In this case, the raw data are HTML files, which are very difficult to be read by humans. Therefore, it is important to extract the information that is useful for us.
Therefore, there is a need to use HTML parsers to extract information that I need. I use a Python package "BeautifulSoup" to extract information from HTML files.
from bs4 import BeautifulSoup
import bs4 as bs
import pandas as pd
import os
import timeit
import re
Next, we parse all the HTML files to extract relevant information. There are details to take into accout while extracting information (in the first case, the information is names of international organizations). First, names have different formats, so it is necessary to eliminate all the extra, unnecessary characters. Second, one organization has multiple different names. To solve this problem, one would need to identify those redundant names.
ids = []; titles = []
##--------------------------
## get the orgs names
##--------------------------
i=0;count=0
for j in range(0,1100010001):
if count%10000==0:
link_df = pd.DataFrame({"id":ids, "name":titles})
link_df.to_csv('E:\\INGO\\data\\idtitle_df_'+str(count)+".csv", encoding="utf-8")
ids = []; titles = []
count+=1
id_str = str(j)
org = urllib.request.urlopen("E:\\INGO\\data\\"+id_str+".txt")
soup = BeautifulSoup(org)
##--------------------------
## to get the title
##--------------------------
title = soup.findAll("h1")
title = soup.select('h1.title')[0].text.strip()
title = re.sub(r'[\t\r\n]', ' ', title) # remove \t\r\n
title = re.sub(' +',' ',title) # remove multiple space
# get titles without parantheses
title_short = re.sub("[\(\[].*?[\)\]]", "", title) # get rid of text between parantheses
title_short = title_short.rstrip() # get rid of whitespace at the end
# get acronyms
acro = title[title.find("(")+1:title.find(")")] # get the text between parantheses
titles.append(title_short)
id = [int(j)]
ids.extend(id)
# get name 3
na3=soup.br.next_sibling
na_extra=soup.find('p', style=re.compile(r'font-style:italic;color:#666;margin-top:-20px;'))
na2=[]
# get name - name3 = name2
name_extra = na_extra.get_text()
if name_extra:
print "yes" # if na != null
if na3:
if na3 in name_extra:
na2 = name_extra.replace(na3,"")
name3s.append(na3.string)
else:
name3s.append("")
else:
na2 = name_extra
name3s.append("")
else:
name3s.append("")
##name2s=[]
if na2:
name2s.append(na2)
else:
name2s.append("")
Then I combine all the data extracted from HTML files:
fnames = os.listdir("E:\\INGO\\data\\")
idtitle_df_list=[]
fnames = [m for m in fnames if m.startswith("idtitle_dfv")]
for fname in fnames:
idtitle_df_list.append(pd.read_csv("E:\\INGO\\data\\"+fname,index_col=False))
print(fname)
idtitle_dfs = pd.concat(idtitle_df_list)
idtitle_dfs['id'] = idtitle_dfs['id']-1100000000
idtitle_dfs.to_csv("E:\\INGO\\data\\idtitlev.csv",index_col=False)
Now I have parsed all the HTML files that the web crawler scraped from the website, and the next step is to merge all the data parsed from HTML files.
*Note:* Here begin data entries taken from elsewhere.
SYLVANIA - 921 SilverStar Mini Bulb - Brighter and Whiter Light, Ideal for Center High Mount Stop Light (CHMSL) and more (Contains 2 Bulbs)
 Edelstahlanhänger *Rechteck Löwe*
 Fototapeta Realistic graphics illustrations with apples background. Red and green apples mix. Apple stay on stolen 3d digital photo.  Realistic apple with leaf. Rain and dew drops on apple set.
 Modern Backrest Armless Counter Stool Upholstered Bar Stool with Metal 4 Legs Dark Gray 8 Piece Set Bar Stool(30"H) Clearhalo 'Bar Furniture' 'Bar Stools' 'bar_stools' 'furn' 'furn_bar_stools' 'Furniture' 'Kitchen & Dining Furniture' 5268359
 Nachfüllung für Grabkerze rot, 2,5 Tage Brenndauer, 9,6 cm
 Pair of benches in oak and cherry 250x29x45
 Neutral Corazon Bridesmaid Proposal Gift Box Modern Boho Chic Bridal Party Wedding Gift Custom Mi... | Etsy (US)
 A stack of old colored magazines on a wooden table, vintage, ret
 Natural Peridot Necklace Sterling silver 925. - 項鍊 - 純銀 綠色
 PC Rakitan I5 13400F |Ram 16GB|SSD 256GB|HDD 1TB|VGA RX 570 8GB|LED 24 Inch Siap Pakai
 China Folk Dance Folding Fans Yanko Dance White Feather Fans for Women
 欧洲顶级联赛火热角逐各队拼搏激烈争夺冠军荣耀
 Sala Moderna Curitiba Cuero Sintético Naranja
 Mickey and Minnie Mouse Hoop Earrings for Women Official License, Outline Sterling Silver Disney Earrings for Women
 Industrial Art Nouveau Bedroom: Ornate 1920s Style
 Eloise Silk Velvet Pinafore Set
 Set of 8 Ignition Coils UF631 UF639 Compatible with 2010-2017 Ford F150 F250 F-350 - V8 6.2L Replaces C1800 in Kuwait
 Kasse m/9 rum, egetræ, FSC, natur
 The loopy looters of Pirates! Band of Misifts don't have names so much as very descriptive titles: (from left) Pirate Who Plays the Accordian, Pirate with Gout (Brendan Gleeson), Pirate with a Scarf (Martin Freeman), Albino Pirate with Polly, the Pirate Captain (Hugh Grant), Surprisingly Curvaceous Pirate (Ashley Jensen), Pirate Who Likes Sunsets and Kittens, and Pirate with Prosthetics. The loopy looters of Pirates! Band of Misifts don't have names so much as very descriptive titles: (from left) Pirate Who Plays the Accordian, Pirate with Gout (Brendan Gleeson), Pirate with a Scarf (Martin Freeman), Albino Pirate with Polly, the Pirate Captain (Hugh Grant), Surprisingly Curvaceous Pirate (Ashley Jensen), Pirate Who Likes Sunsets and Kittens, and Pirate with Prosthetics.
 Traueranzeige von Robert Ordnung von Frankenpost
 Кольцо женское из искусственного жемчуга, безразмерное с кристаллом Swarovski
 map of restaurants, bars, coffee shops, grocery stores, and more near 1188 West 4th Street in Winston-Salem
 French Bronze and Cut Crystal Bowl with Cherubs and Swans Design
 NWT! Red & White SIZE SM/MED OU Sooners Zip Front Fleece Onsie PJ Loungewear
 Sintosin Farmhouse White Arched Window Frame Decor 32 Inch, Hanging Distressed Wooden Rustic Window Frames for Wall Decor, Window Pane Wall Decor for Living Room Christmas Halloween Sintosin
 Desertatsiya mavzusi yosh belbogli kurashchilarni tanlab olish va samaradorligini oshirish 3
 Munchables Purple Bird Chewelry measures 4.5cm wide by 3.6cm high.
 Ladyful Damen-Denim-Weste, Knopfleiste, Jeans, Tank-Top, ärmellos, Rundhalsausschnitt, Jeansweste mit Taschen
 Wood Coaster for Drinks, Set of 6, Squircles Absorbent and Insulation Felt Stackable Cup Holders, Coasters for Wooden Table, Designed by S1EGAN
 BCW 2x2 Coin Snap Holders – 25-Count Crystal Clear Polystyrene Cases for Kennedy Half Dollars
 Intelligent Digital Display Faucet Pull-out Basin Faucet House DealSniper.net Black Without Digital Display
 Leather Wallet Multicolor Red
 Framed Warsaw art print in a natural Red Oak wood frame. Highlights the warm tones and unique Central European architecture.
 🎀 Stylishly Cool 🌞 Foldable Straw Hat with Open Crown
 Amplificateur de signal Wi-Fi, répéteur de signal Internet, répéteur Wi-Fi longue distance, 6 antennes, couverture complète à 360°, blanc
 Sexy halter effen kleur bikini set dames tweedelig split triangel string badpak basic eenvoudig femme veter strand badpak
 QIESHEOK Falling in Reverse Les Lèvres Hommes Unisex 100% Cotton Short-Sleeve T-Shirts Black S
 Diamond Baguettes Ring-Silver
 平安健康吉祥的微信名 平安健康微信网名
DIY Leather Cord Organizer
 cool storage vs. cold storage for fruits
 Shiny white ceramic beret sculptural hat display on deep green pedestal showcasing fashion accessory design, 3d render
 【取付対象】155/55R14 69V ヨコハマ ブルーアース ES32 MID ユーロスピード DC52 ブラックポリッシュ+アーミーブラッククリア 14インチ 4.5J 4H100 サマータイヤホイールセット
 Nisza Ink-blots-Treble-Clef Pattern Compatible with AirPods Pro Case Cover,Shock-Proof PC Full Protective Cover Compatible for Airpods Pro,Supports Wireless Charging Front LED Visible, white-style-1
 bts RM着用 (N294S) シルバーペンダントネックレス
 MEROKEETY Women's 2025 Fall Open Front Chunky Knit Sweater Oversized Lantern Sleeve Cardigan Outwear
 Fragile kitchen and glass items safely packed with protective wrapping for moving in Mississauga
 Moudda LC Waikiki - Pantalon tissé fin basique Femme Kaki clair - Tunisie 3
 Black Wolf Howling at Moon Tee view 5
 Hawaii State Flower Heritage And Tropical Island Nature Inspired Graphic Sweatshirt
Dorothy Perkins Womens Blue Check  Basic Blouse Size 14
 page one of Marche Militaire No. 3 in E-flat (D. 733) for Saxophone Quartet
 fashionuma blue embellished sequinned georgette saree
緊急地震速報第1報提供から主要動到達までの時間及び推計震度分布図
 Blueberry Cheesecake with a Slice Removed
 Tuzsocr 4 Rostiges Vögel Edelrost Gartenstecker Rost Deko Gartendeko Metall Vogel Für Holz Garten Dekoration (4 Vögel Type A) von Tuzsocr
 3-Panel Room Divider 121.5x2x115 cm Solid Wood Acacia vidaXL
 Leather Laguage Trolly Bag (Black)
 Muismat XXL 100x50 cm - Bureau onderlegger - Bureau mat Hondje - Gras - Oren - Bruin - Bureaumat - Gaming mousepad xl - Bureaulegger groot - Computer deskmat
Since data are in different formats, it is important to notice the difference among those data.
df1=pd.read_csv("E:\\INGO\\data\\idtitlev.csv", index_col=False) # id
df2=pd.read_csv("E:\\INGO\\data\\ingo.table.csv", index_col=False) #table
result1 = pd.merge(df1, df2, left_on='name', right_on='name')
result2 = pd.merge(df1, df2, left_on='name2', right_on='name')
result2.columns.values[3] = 'name'
result2 = result2.drop(['Unnamed: 0','Unnamed: 0.1','name_y'], axis=1)
result3 = pd.merge(df1, df2, left_on='name3', right_on='name')
result3.columns.values[3] = 'name'
result3 = result3.drop(['Unnamed: 0','Unnamed: 0.1','name_y'], axis=1)
frames = [result1,result2,result3]
result = pd.concat(frames, join_axes=[result1.columns])
result = result.drop(['Unnamed: 0','Unnamed: 0.1'], axis=1)
result = result.sort_values('id')
##----------------------------------------------------
## merge the extra with table
##----------------------------------------------------
df1=pd.read_csv("E:\\INGO\\data\\idtitlev_extra.csv", index_col=False)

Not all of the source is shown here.